Along with RAILEY, STEYAERT impressed in the Radial today, and would be up challenging with the American for the overall lead were it not for a capsize in the final race. After reaching the first mark in 20th, she sailed through the fleet to sixth before losing control on the final downwind to end 16th. STEYAERT sits comfortably in third. No stunning individual race performances from Virginia KRAVARIOTI (GRE), but today she proved the point that consistency pays, placing 7,5,6, and sits in third overall.

Big Breeze Separates the Fleet

Today's first race in the men's gold fleet in the Laser got underway in an increasing breeze. Fielding 40 sailors on the start line, it was set to be interesting with this the first race combining the invited sailors, including the world's top ranked sailors, alongside those who qualified for the gold fleet through last week's qualification series.

Off to an excellent start in race one was Thomas LE BRETON, who led at the first mark over Milan VUJASINOVIC (CRO) and Tom SLINGSBY (AUS).
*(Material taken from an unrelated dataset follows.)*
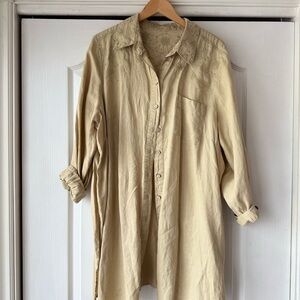 Beige Linen Button-Up Shirt with Embroidery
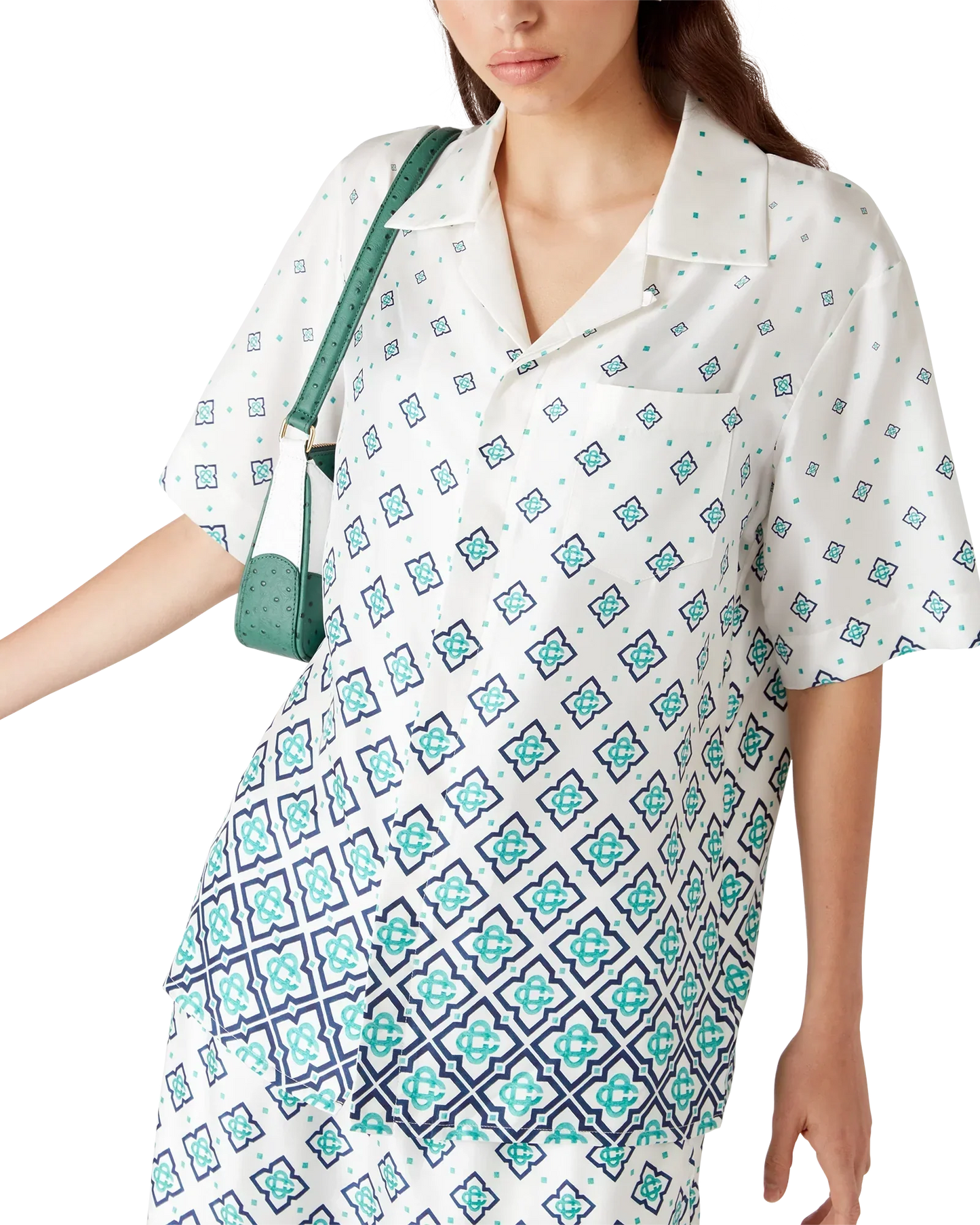 Gradient Monogram Short-Sleeve Silk Shirt | Casablanca Paris | Image 4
LE BRETON, who packed a powerful punch to finish fifth overall in the qualification series, held his lead down to the leeward mark, with SLINGSBY moving up to second and VUJASINOVIC in third. Heading downwind and Diego ROMERO (ARG) and Gustavo LIMA (POR) were closing in on the leaders, and moved even closer when VUJASINOVIC (CRO) took a Rule 42 penalty.

Back up to the windward mark and LE BRETON was overtaken by SLINGSBY, with ROMERO in third. But ROMERO put in some stunning downwind sailing to pass LE BRETON in winds gusting around the 30 knot mark and take second place. Coming through to take fourth place was invited sailor and 2003 Laser World Champion LIMA.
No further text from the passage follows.